Powering Maryland’s Future

How Clean Energy Outperforms Nuclear Power in Delivering a Reliable, Safe, and Affordable Supply of Electricity

Marylanders count on a safe, secure and reliable supply of electricity, available at a reasonable cost. Yet, the future of our electricity system is in doubt.

Maryland PIRG Foundation

Marylanders count on a safe, secure and reliable supply of electricity, available at a reasonable cost. Yet, the future of our electricity system is in doubt. Deregulation has stung Marylanders with skyrocketing electricity rates. The Maryland Public Service Commission has warned of rolling blackouts by 2011 if we don’t take action to curb power demand or increase supply. And Maryland, like other states, faces the urgent need to reduce its contribution to global warming.
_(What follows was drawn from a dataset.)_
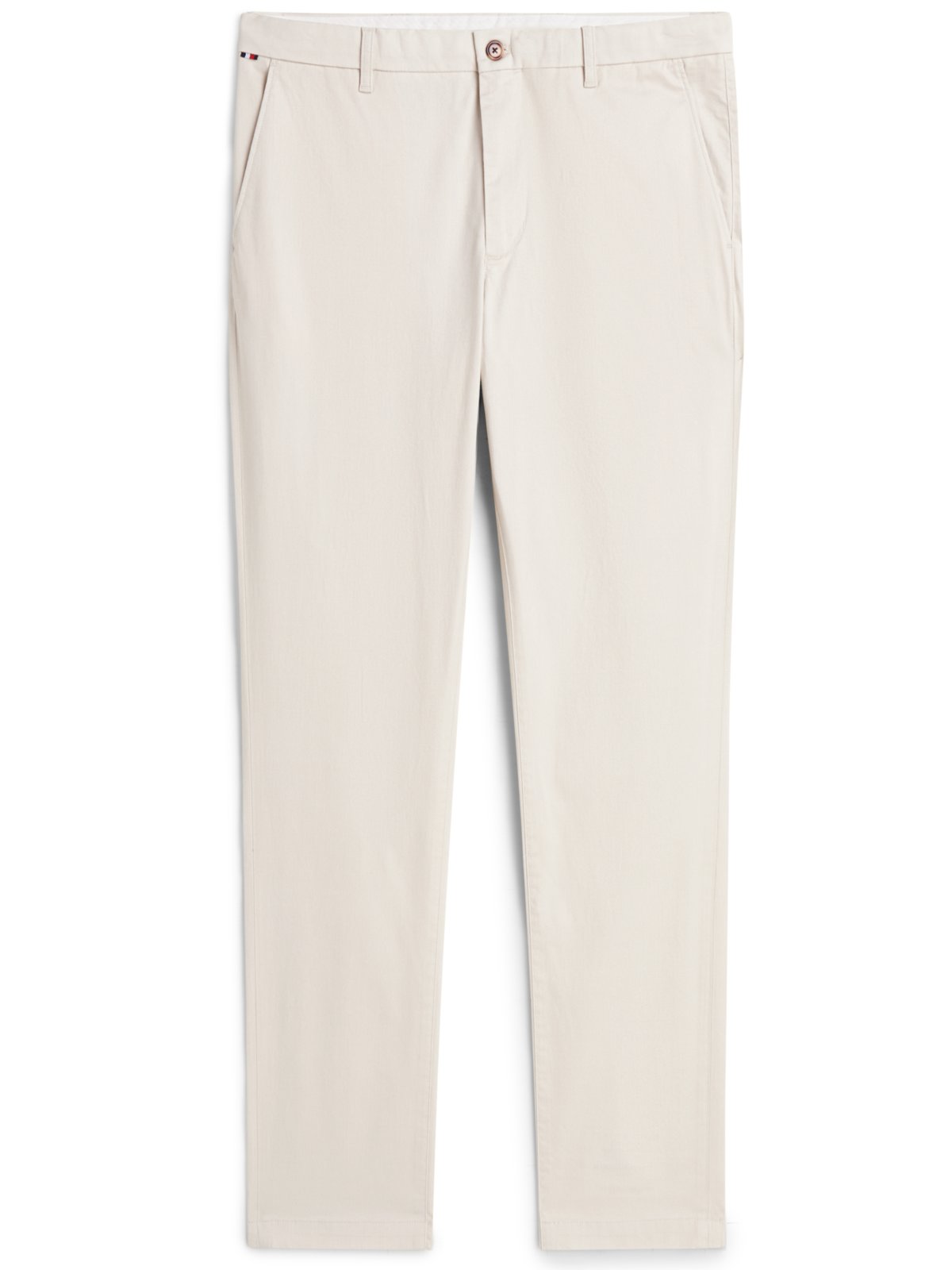 Chino Bleecker mit feinem Muster und Stretchanteil, Slim Fit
Two paths have been proposed that have the potential to address these challenges. Constellation Energy plans to build a third nuclear reactor at Calvert Cliffs, which the company says could provide a large amount of electricity with little global warming or  health-threatening pollution, at less cost than natural gas. Others advocate that Maryland follow a “clean energy” path that uses improvements in energy efficiency and new sources of renewable energy to address the state’s electricity challenges.

A comparison of the two pathways shows that by any measure—reliability, cost, safety, environmental impact, or support for a growing Maryland economy—clean energy is likely to outperform a nuclear-based strategy for powering Maryland’s future.

Maryland has already begun to adopt clean energy strategies that will make a large difference in addressing the state’s future electricity needs.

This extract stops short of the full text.